Flawed because Twig is not context aware (in this case, an unquoted HTML attribute), e.g. $url = '/ onerror=alert(1)'

$sql = 'SELECT 1 FROM user WHERE id=' . $mysqli->escape_string($id);

Flawed because the value has not been quoted, e.g. $id = 'id', or '1 OR 1=1'

$sql = 'SELECT 1 FROM user WHERE id="' . $mysqli->escape_string($id) . '"';

Flawed if 'sql_mode' includes NO_BACKSLASH_ESCAPES, e.g. $id = '2“ or “1”=“1'

$sql = 'INSERT INTO user (name) VALUES ("' . $mysqli->escape_string($name) . '")';

Flawed if 'SET NAMES latin1' has been used, and escape_string() uses 'utf8'.

$parameters = "-f$email";
 
// $parameters = '-f' . escapeshellarg($email);
 
mail('a@example.com', 'Subject', 'Message', NULL, $parameters);

Flawed because it's not possible to safely escape values in $additional_parameters for mail(), e.g. $email = 'b@example.com -X/www/example.php'

Previous Solutions

Taint extension by Xinchen Hui, but this approach explicitly allows escaping, which doesn't address the issues listed above.

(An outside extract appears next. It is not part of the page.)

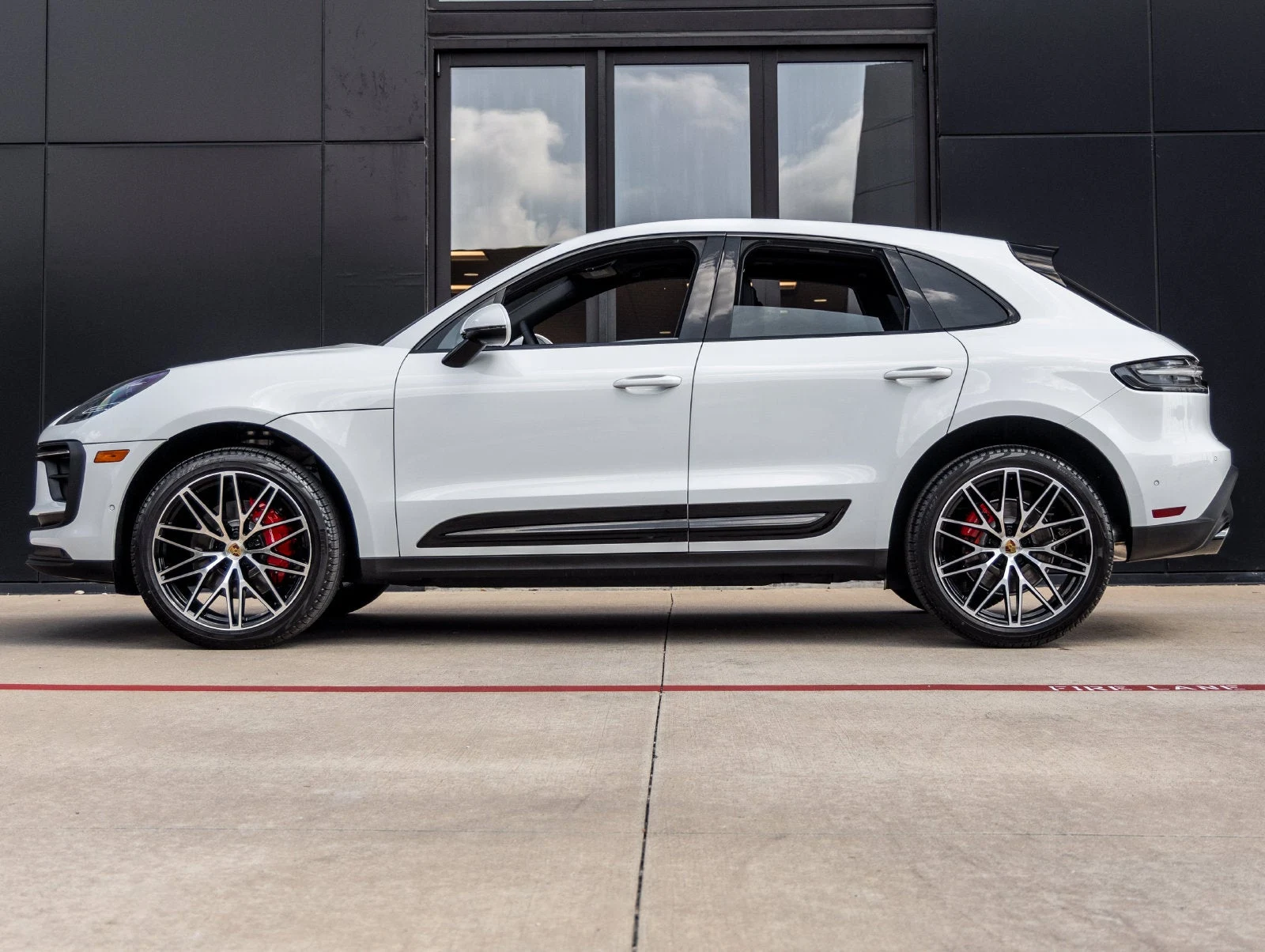 2026 Porsche Macan S (95B), 2/20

Automatic SQL Injection Protection by Matt Tait, where it was noted:

  • “unfiltered input can affect way more than only SQL” (Pierre Joye);
  • this amount of work isn't ideal for “just for one use case” (Julien Pauli);
  • It would have effected every SQL function, such as mysqli_query(), $pdo->query(), odbc_exec(), etc (concerns raised by Lester Caine and Anthony Ferrara);
  • Each of those functions would need a bypass for cases where unsafe SQL was intentionally being used (e.g. phpMyAdmin taking SQL from POST data) because some applications intentionally “pass raw, user submitted, SQL” (Ronald Chmara 1/2).

I also agree that “SQL injection is almost a solved problem [by using] prepared statements” (Scott Arciszewski), but we still need something to identify mistakes.

As discussed by Christoph Kern (Google) in 2015, this approach works.

The Go language can do this by checking for “compile time constants”, which isn't as good as a run time solution (e.g. the WHERE IN issue), but it does work.

Google currently avoids most issues by using go-safe-html and safesql.

This RFC is taking some ideas from TC39, where a similar idea is being discussed for JavaScript, to support the introduction of Trusted Types.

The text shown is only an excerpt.